Exercise directions:
Using the listing below, select the lines with the word "view" and copy them.

━━━━━━━━━━━━━━━━━━━━━━━━━━━━━━

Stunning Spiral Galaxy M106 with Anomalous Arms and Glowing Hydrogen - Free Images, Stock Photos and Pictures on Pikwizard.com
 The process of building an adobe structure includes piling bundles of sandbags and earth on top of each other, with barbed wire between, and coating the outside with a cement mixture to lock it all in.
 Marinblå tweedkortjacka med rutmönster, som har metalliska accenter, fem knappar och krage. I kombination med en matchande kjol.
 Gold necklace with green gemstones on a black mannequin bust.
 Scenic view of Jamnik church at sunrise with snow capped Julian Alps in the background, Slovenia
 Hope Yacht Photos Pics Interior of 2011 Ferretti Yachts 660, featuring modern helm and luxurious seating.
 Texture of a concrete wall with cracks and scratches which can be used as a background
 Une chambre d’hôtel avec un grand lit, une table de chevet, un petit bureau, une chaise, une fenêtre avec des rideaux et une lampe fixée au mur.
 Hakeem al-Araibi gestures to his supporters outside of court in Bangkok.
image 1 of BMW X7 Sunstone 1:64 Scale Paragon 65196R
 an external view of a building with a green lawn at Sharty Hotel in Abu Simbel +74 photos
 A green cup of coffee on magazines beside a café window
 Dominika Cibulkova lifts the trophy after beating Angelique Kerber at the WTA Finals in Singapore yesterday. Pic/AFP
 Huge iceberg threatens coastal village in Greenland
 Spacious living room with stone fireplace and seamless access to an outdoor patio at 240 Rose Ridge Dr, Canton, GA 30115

━━━━━━━━━━━━━━━━━━━━━━━━━━━━━━

Answer area:
 Scenic view of Jamnik church at sunrise with snow capped Julian Alps in the background, Slovenia
 an external view of a building with a green lawn at Sharty Hotel in Abu Simbel +74 photos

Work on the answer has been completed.